■ **Supplied information**:
- - - -

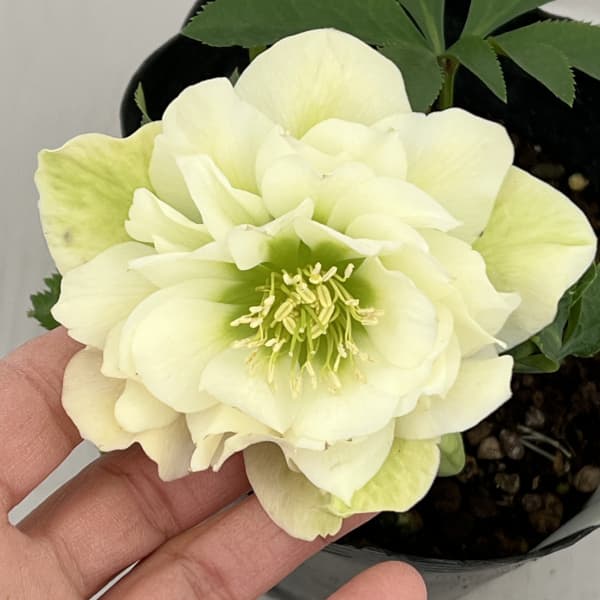 曽田園芸さんのクリスマスローズ：26-22冬牡丹4号ロングポット【現品販売】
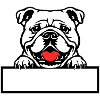 Bulldog Name Badge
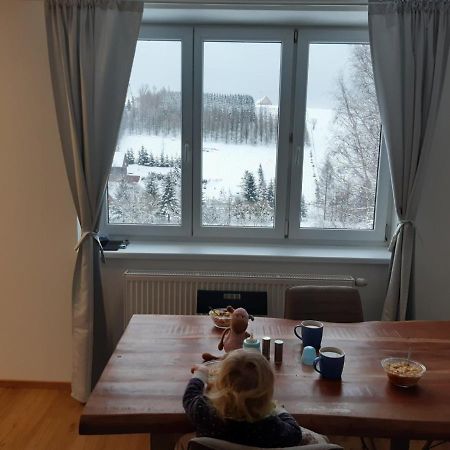 Apartman U Kunstatskeho Mlyna Orlicke Zahori Exterior photo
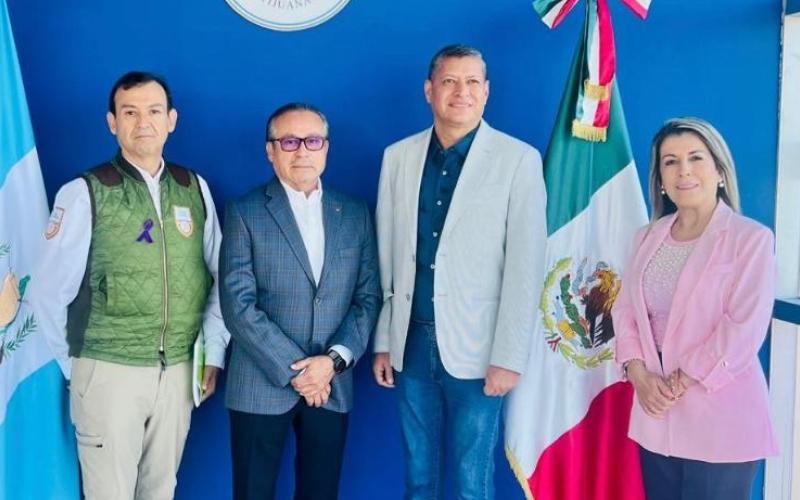 nota de prensa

- - - -

■ **Your task**: Your copy should hold only the lines from the line with "Bulldog Name Badge" through the end of the data above, both ends included, transcribed exactly and without pictures.

■ **Exercise output**:
 Bulldog Name Badge
 Apartman U Kunstatskeho Mlyna Orlicke Zahori Exterior photo
 nota de prensa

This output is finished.